12:51 pm today
Prices rose for milk and takeaway coffee, along with fruit and vegetables.
Photo: 123RF
Food prices jumped again in May, driven by an increase in the price of milk.
Stats NZ said food prices lifted 1 percent between April and May. The grocery food group was the biggest contributor, followed by fruit and vegetables.
Stats NZ spokesperson Nicola Growden said higher prices for a 2L bottle of milk were the biggest driver of the overall monthly increase.
In May last year, the typical cost of a 2L bottle of milk was $4.57 but it is now $5.06.
Mandarins, boxed chocolates and frozen desserts dropped in price between April and May.
Compared to a year earlier, prices were 3.6 percent higher, after a 2.6 percent increase in the 12 months to April.
All food groups recorded price increases between May 2025 and May 2026. Higher prices for the meat, poultry, and fish group, up 6.9 percent, was the largest contributor to the annual increase in food prices. This was followed by restaurant meals and ready-to-eat food, up 3.3 percent annually.
Price increases were recorded for milk, blocks of chocolate, white bread, and takeaway coffee.
Price decreases were recorded for tomatoes and olive oil.
ASB senior economist Mark Smith said some of the fruit and vegetable change was seasonal but meat prices were also up, led by lamb.
"Bread prices were up as well, quite sharply, to double digits for the month."
He said retail milk prices in New Zealand had a six- to nine-month lag from global market movements and that was starting to be felt now. Higher fertiliser prices could lead to more food price inflation but the extent was not yet clear.
BNZ chief economist Mike Jones said food price inflation had settled at an annual rate of between 2.5 percent and 3.5 percent after a period where it was near 5 percent a year ago.
"Our forecasts essentially bake in more of the same in the short-term, albeit with a few bumps in prices over the next few months reflecting typical winter increases in fruit and vegetable prices, and similar for meat prices following the strong gains we've seen for those in global commodity markets."
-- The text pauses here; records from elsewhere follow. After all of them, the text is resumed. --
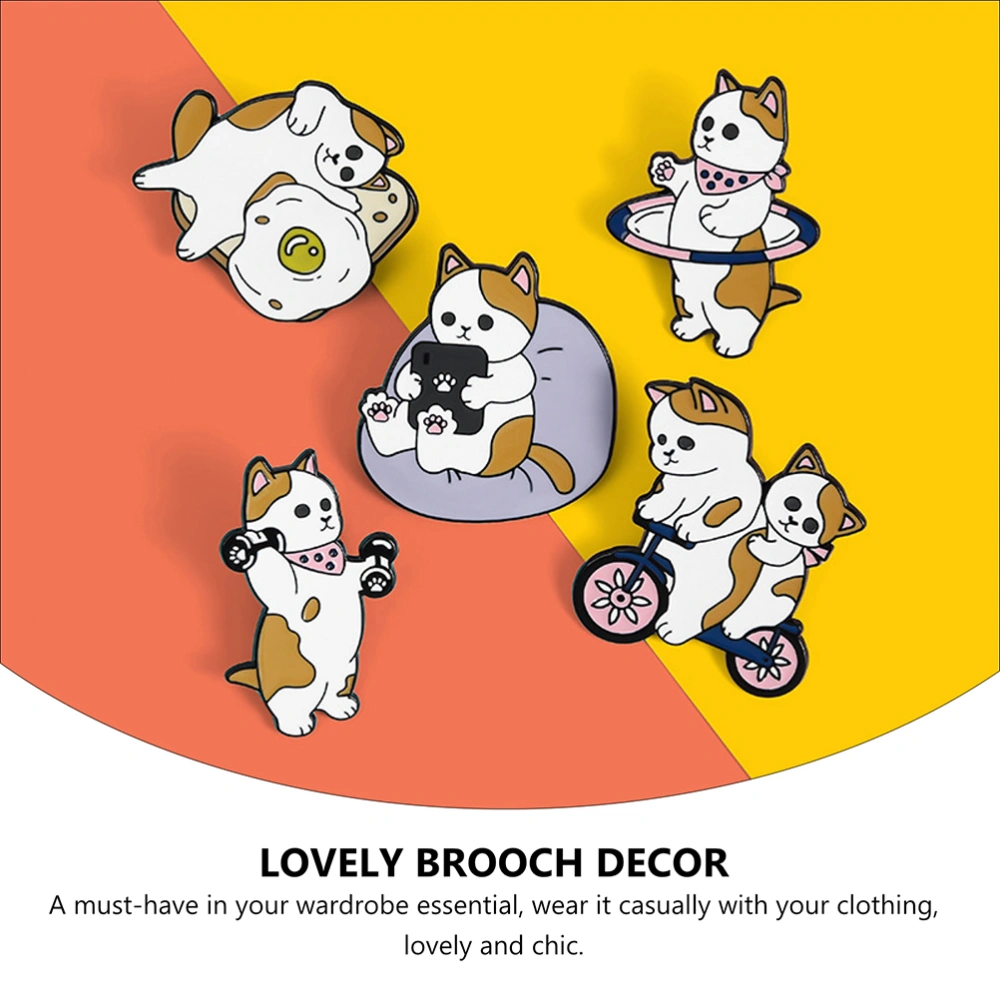 5PCS Lovely Animal Fitness  Brooch Cartoon Decorative Clothing Pin 5 Styles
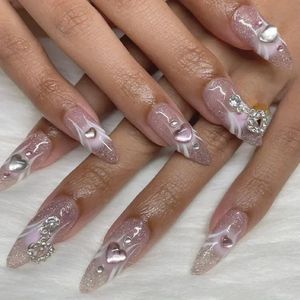 24 -stcs roze ronde kop amandel nep nagels met hartvorm draagbare ballerina valse nagel tips volledige deksels op 240423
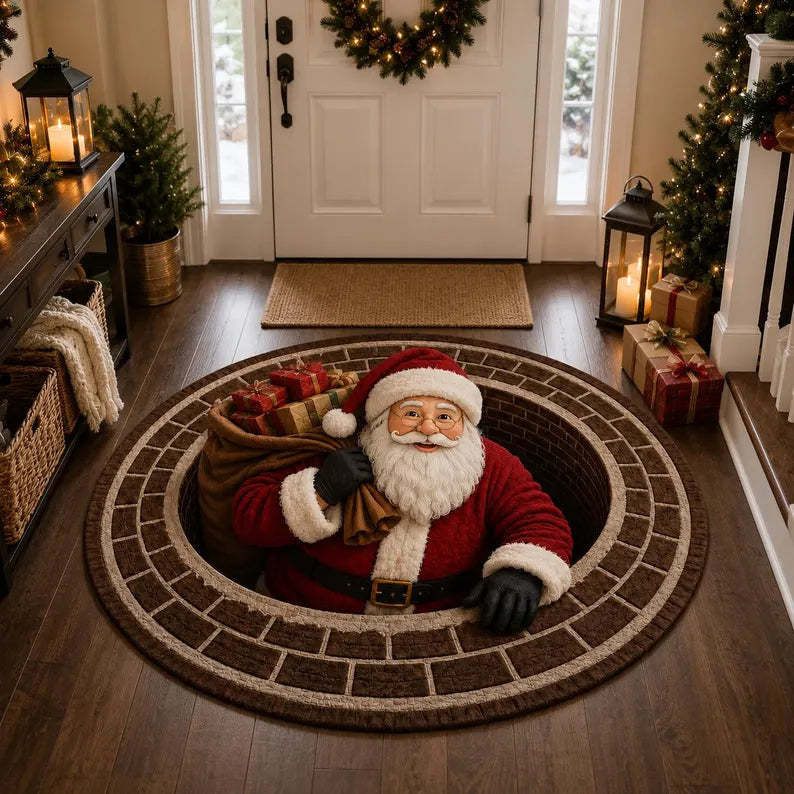 3D Santa Christmas Illusion Rug – Festive Holiday Floor Decor
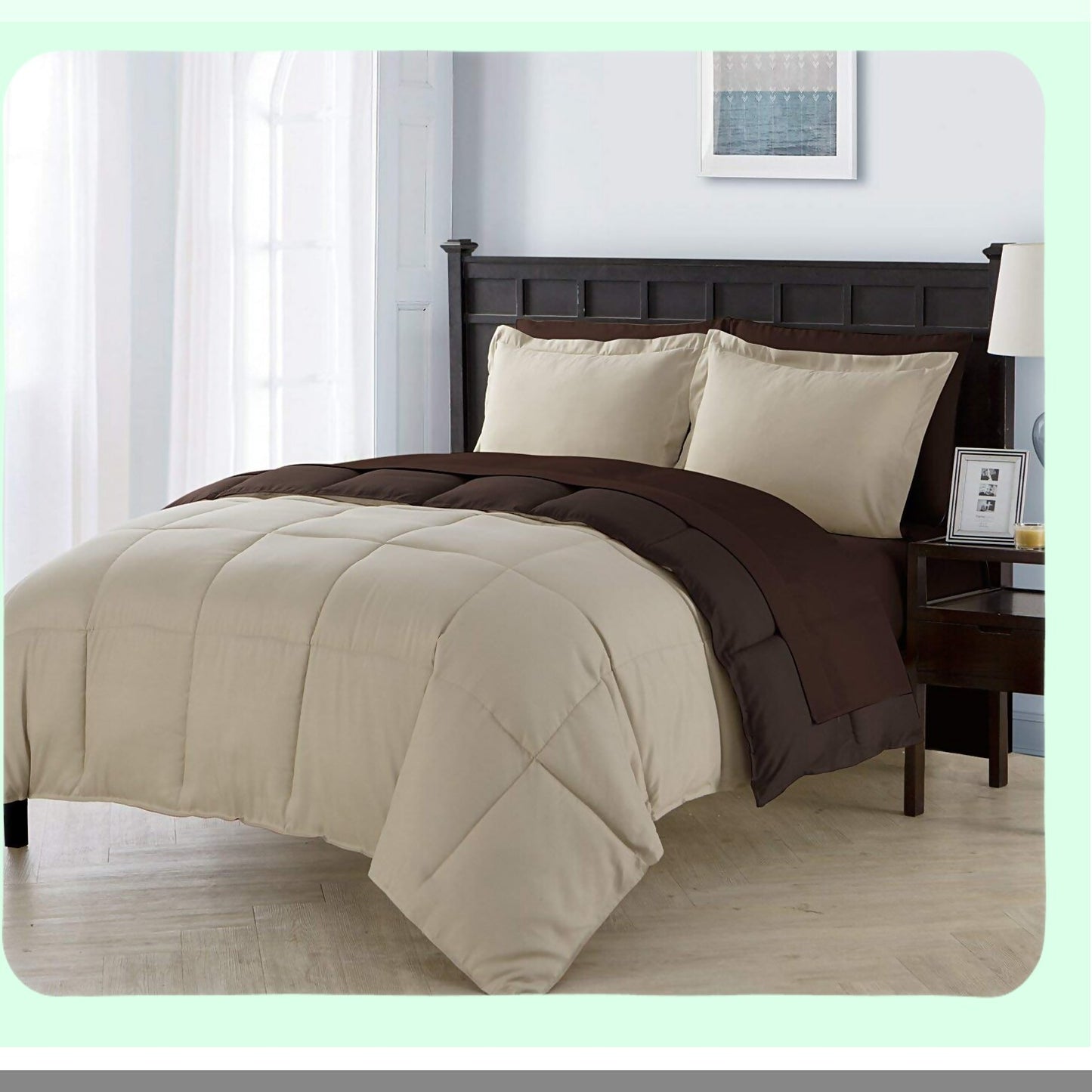 Taupe Brown Reversible Bedding Set - 7-Piece Cozy Room Decor with Matching Shams & Pillowcases - Soft King Size Bed in a Bag
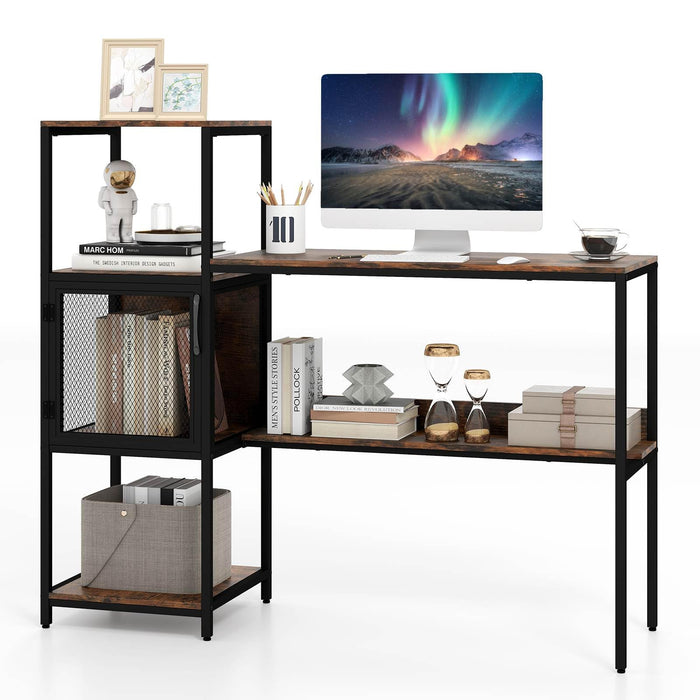 Home Office Desk with Storage Cabinet & Shelves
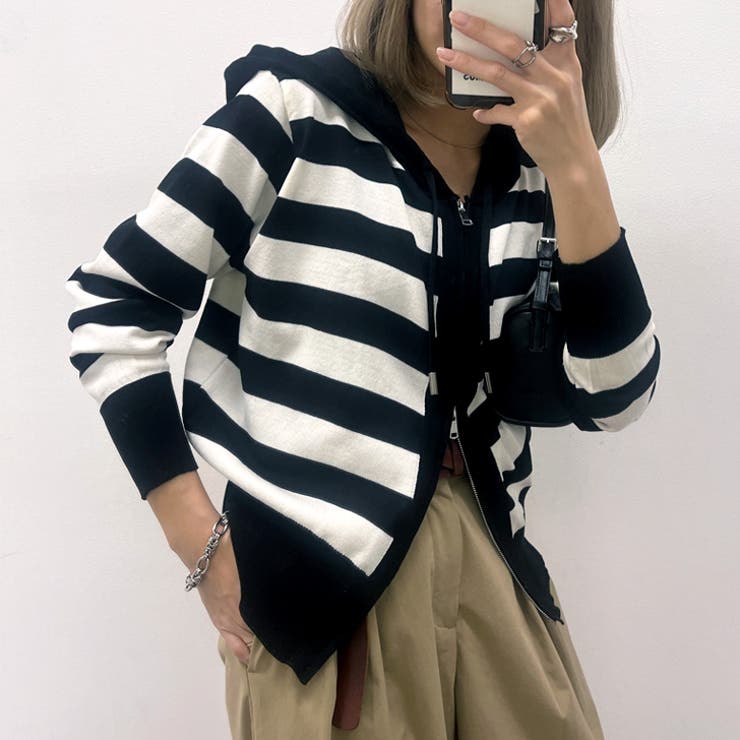 ブラック | ニット レディース パーカー | REAL STYLE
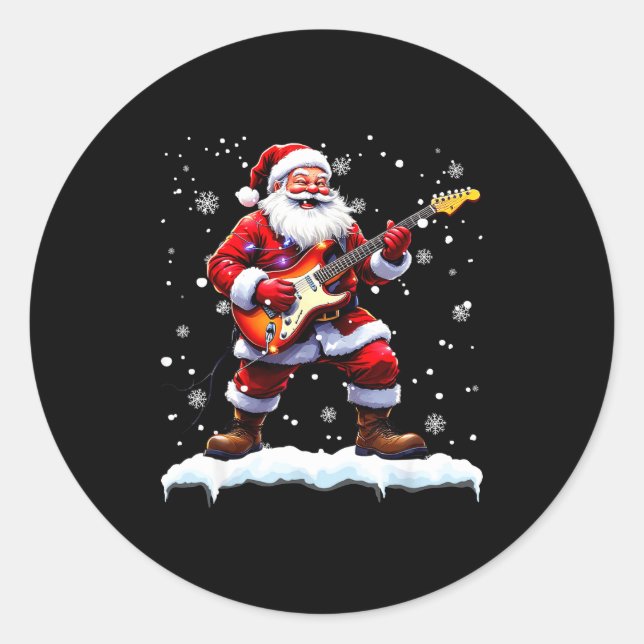 Adesivo Santa Claus Playing B Guitar Christmas Xmas Music  (Frente)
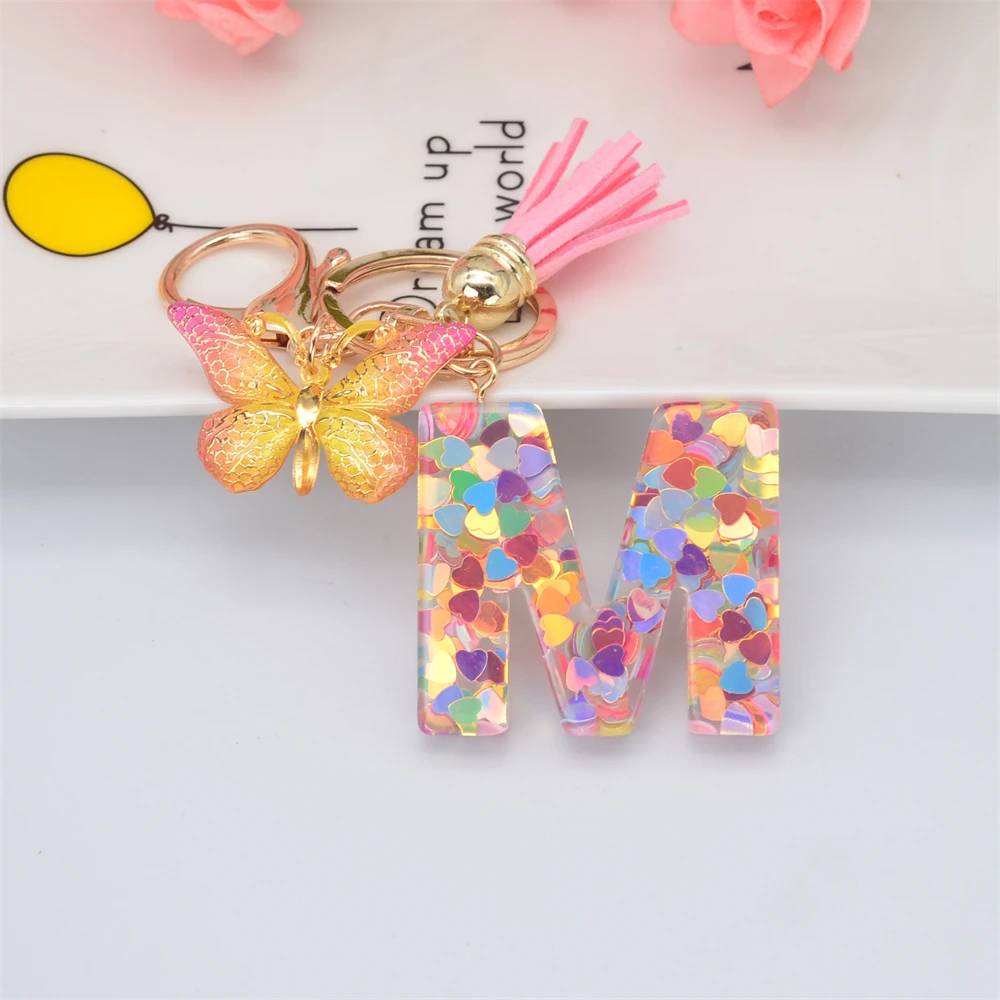 Mode DIY A-Z Buchstaben schlüsselbund Metall Halter Pendent Schlüssel Kette Frauen Auto Schlüssel Ring Einfache Brief Name Schlüssel Party geschenk Schmuck – Detail 10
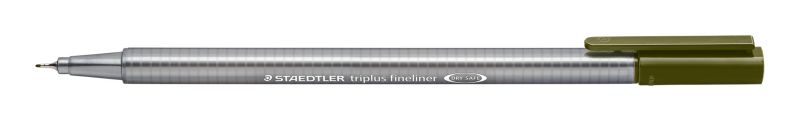 02483-1 ΜΑΡΚΑΔΟΡΟΣ ΤΡΙΓΩΝΙΚΟΣ TRIPLUS FINELINER STAEDTLER Olive green 334-57 (ΣΥΣΚ-10ΤΕΜ) - Image 1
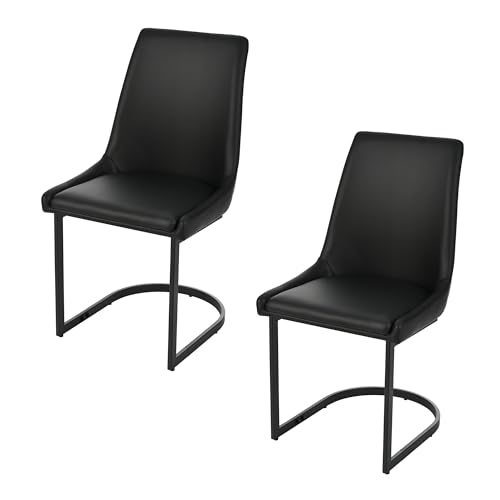 A ALFRESCOOL 2st Esszimmerstühle Aus PU-Leder Moderne Küchenstühle Esstischstühle Mit Hohe Rückenlehne Für Esszimmer, Wohnzimmer Stühle, Schwarz von A ALFRESCOOL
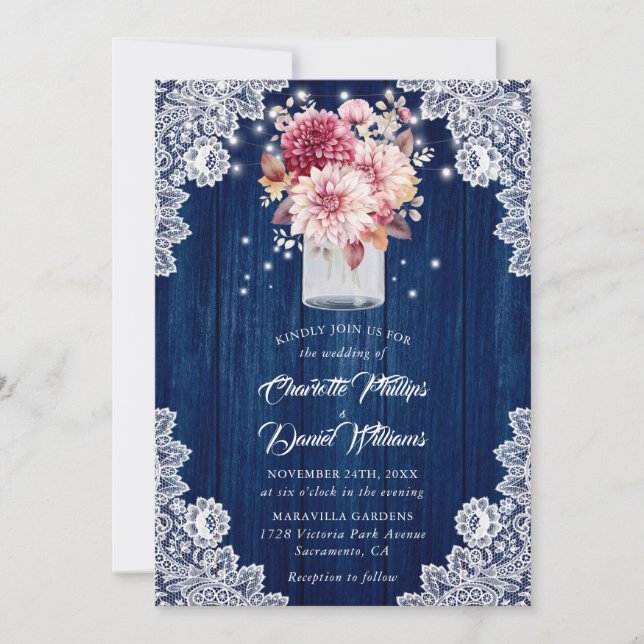 Invitation Mariage floral marine bleu et blanc bois mason jar (Devant)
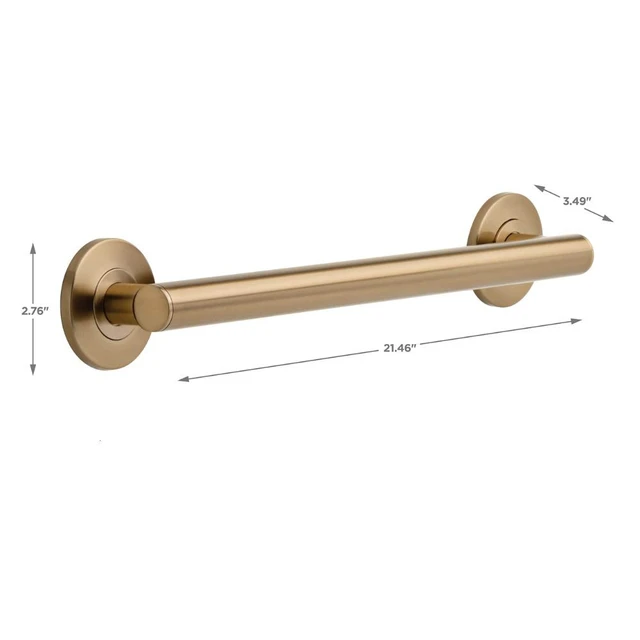 Alt view image 2 of 4 - Contemporary (1-Pack) 18" Shower Grab Bar Seniors ADA Compliant Champagne Bronze 450 lb Capacity Bathroom Safety Handle for Shower, Bathtub | Wall Mounted Balance Assist, Grip Bar 41818-CZ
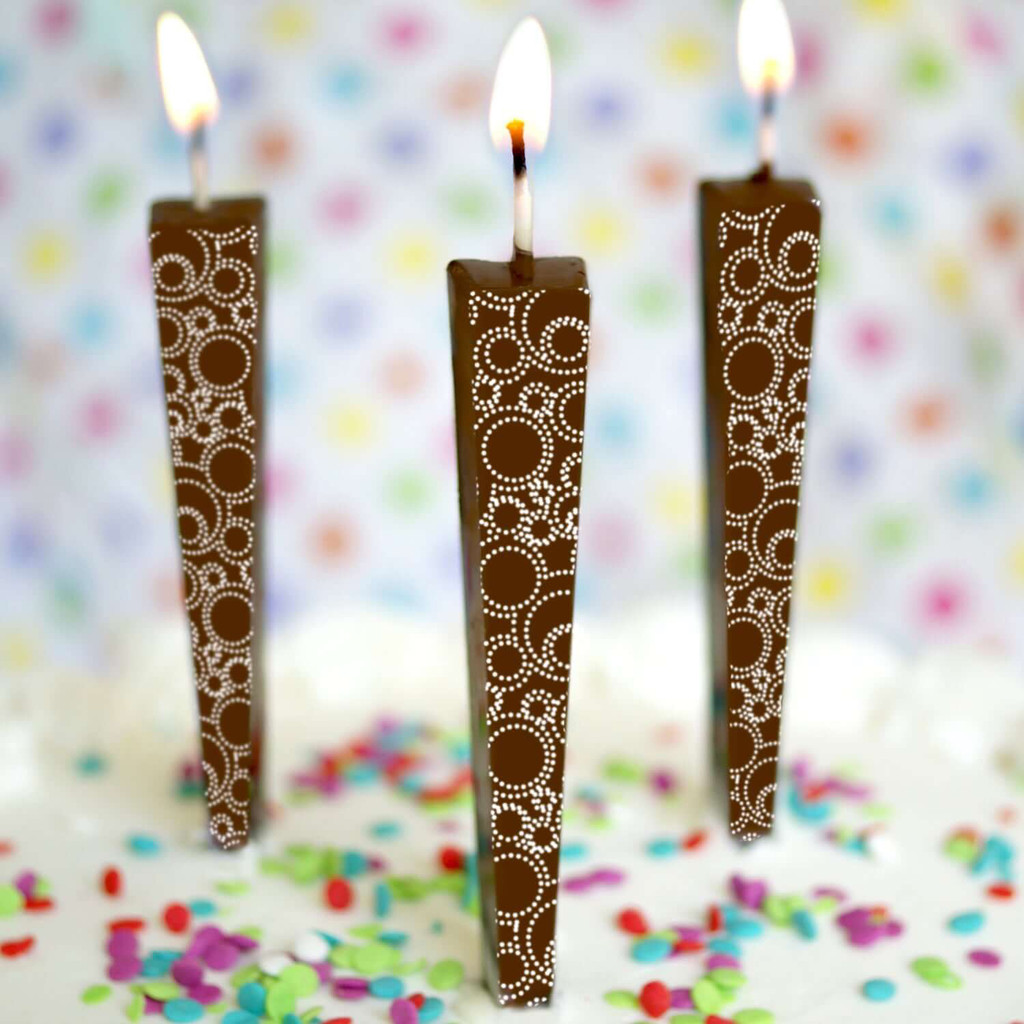 Circle Swirls Chocolate Candle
He said his forecast for overall inflation, as measured by the consumer price index, was unchanged at an annual rate of 4 percent in the next update.
Smith said electricity prices were pushing up sharply, up 12 percent over a year. Gas was up 10 percent.
"There are obvious pockets where high global energy prices will have a natural impact here."
But he said weaker demand was limiting the extent of price increases. Softening in fuel prices should continue given news of a deal in Iran.
"Diesel prices were down close to 10 percent for the month, petrol prices down close to 4 percent... more broadly things like accommodation, international travel did not move as much as expected.
"There are signs there are some cost increases on the horizon but for now they're not flying through into the retail level. That's encouraging from an inflation point of view.... we expect annual CPI inflation to peak at just over 4 percent in the second quarter of this year and fall to around 3.5 percent by the end of the year."
Increases in rents were at record lows, he said. Both the stock and flow measure fell in the month and rents for the stock of rental property only lifted 0.3 percent over a year.